I learned this one from Picks Over Peas:
1 rutabaga and/or some turnips
part of an onion (optional)
1/2-1 cup nut or soy milk OR
1/4 - 1/3 cup raw cashews and 1/2-1 cup water
(the amount depends on the size of your rutabaga--start small and add more as needed)
1-2 dates or dried apricots (optional)
Peel the rutabaga/turnips/parsnips, cut up and steam along with onion for 20 minutes. You can microwave the milk for 30 seconds to warm it up. Blend the rutabaga with the nut milk (or nuts and water) and dates. It's delicious! Now, I used the dates because I was fearful of rutabaga. Picks Over Peas didn't use dates. I thought I didn't like rutabaga but I really like this, so don't let your fear of rutabaga stop you--you can ease into it with the dates like I did. I've tried this with rutabaga, turnips, and rutabaga/turnips/parsnips.
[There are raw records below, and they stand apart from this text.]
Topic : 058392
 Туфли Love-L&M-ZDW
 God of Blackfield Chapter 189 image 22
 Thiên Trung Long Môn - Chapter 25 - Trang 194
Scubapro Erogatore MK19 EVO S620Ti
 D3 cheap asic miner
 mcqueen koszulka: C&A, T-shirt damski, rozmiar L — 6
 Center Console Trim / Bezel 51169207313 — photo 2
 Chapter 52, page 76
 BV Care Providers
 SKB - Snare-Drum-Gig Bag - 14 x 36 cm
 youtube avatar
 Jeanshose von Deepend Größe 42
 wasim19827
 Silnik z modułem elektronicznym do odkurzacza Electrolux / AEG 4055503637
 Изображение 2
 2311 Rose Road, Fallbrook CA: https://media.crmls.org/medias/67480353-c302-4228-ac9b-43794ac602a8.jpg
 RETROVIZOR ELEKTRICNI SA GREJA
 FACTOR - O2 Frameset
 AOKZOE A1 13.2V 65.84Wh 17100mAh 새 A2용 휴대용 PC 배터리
It's all good! Today I had this with steamed carrots, peas and corn. Super easy meal that tastes great. And it's healthier than mashed potatoes! We still get local all these root vegetables from our co-op. Note in the picture, my pureed rutabaga is a little brownish in color--that's from the color of my nut milk made from a bunch of different nuts and seeds. If I'd used cashews or almonds or soymilk, it would be whiter.